§ **THE TASK**:
Nothing but the lines from the one containing "Glass Chalk - The" to the end of the records that follow should be transcribed, each exactly, with the pictures left out.

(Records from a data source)
----

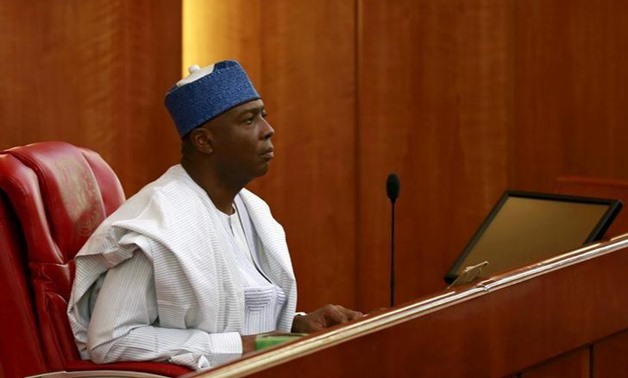 Senator Bukola Saraki looks on after being elected as the senate president of the 8th Nigeria Assembly in Abuja, Nigeria June 9, 2015. REUTERS/Afolabi Sotunde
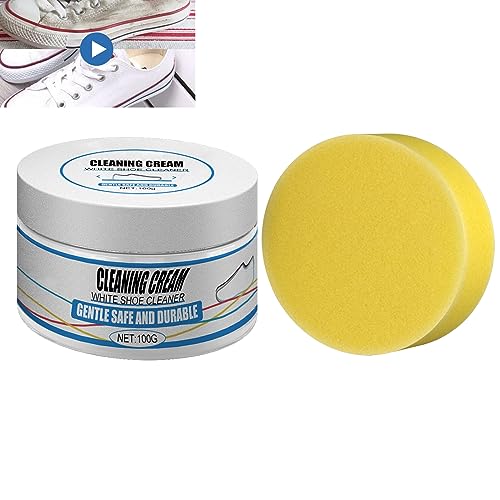 Kit de Nettoyage Pour Blanchir les Chaussures avec éponge,Nettoyant pour Chaussures Blanches,Crème Nettoyante pour Chaussures Blanches avec éponge,Kit de Nettoyage de Chaussures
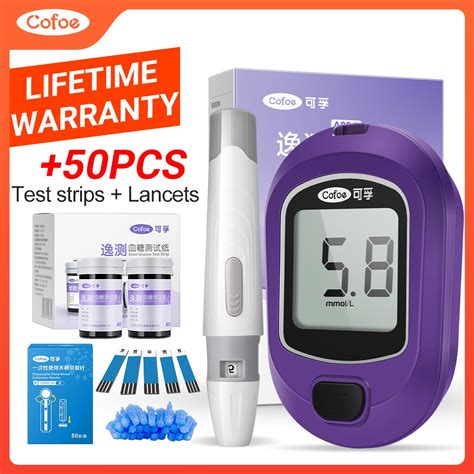 Cofoe Blood Glucose Meter Complete Set Glucometer Test Kit With Strip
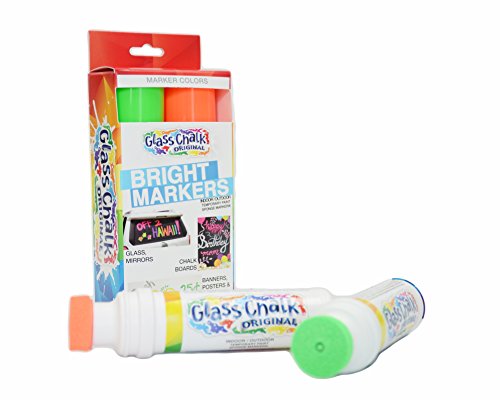 Glass Chalk - The Original Patented Indoor/Outdoor Temporary Paint Marker for Auto Windows and Glass Surfaces, Sponge-Tip, Assorted Colors, Neon Orange and Neon Green, 2 Count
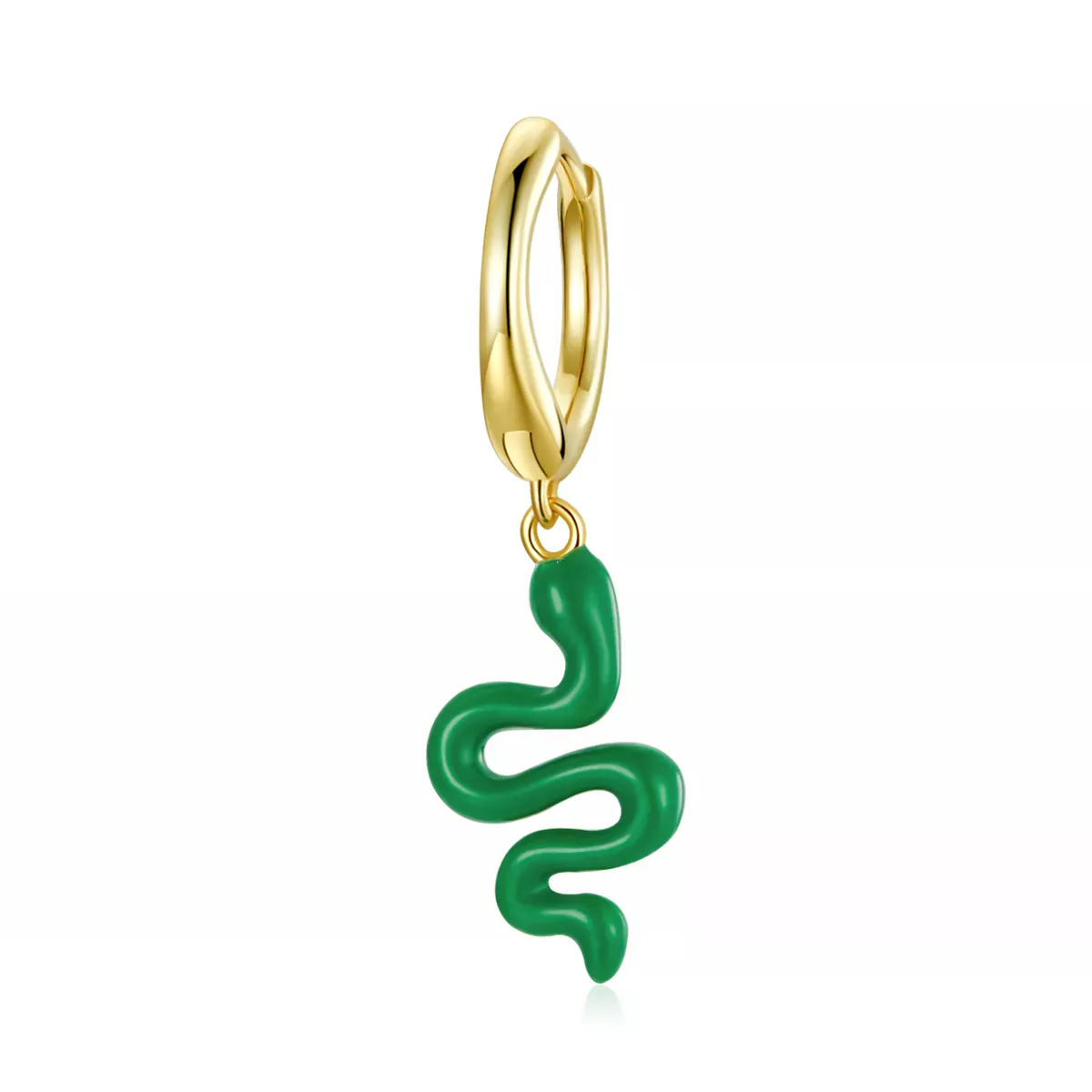 Pandora Style Green Snake Hoop Earrings - SCE1234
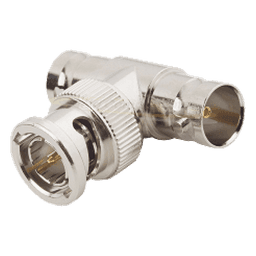 Adaptador RF en T / BNC Macho a Doble BNC Hembra / 50 Ohm / Cuerpo Niquelado / Contacto Oro / Aislante Teflón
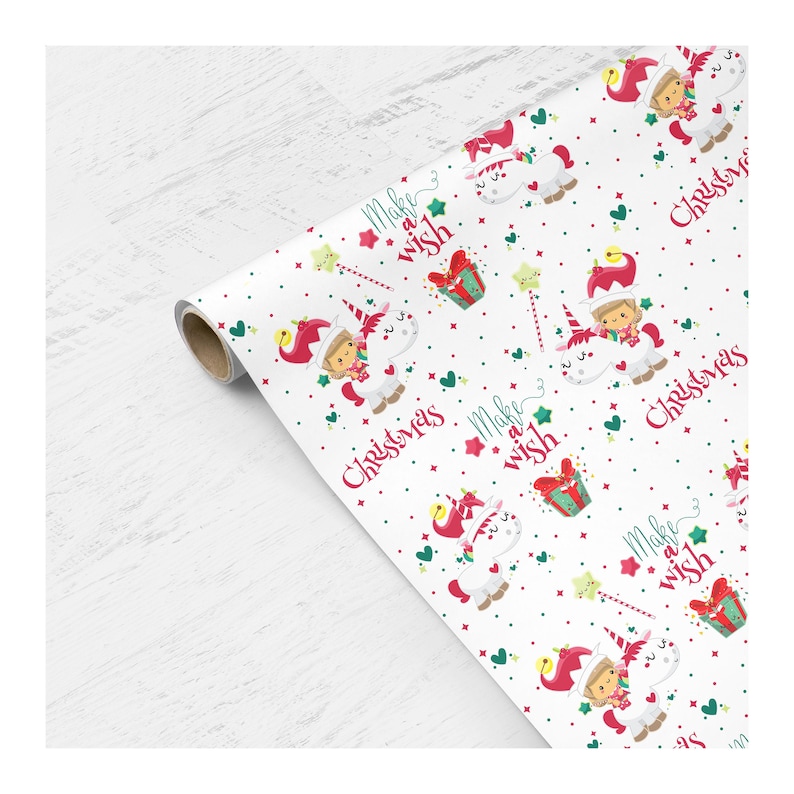 Unicorn Christmas Wrapping Paper Sheets Christmas Unicorn Etsy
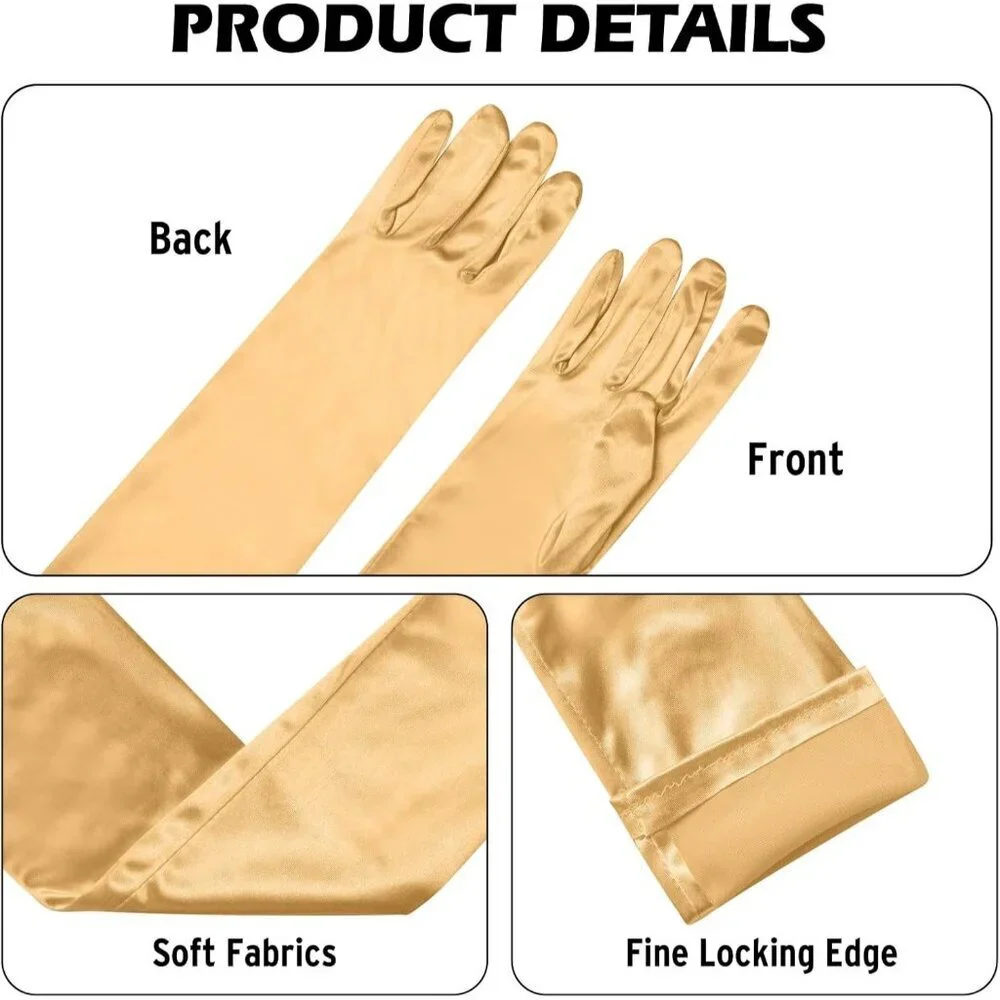 Women's Gold Long Satin Opera Fabric Gloves Party Tea Stretchy Elbow Length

----

§ **ANSWER FOR THIS EXERCISE**:
 Glass Chalk - The Original Patented Indoor/Outdoor Temporary Paint Marker for Auto Windows and Glass Surfaces, Sponge-Tip, Assorted Colors, Neon Orange and Neon Green, 2 Count
 Pandora Style Green Snake Hoop Earrings - SCE1234
 Adaptador RF en T / BNC Macho a Doble BNC Hembra / 50 Ohm / Cuerpo Niquelado / Contacto Oro / Aislante Teflón
 Unicorn Christmas Wrapping Paper Sheets Christmas Unicorn Etsy
 Women's Gold Long Satin Opera Fabric Gloves Party Tea Stretchy Elbow Length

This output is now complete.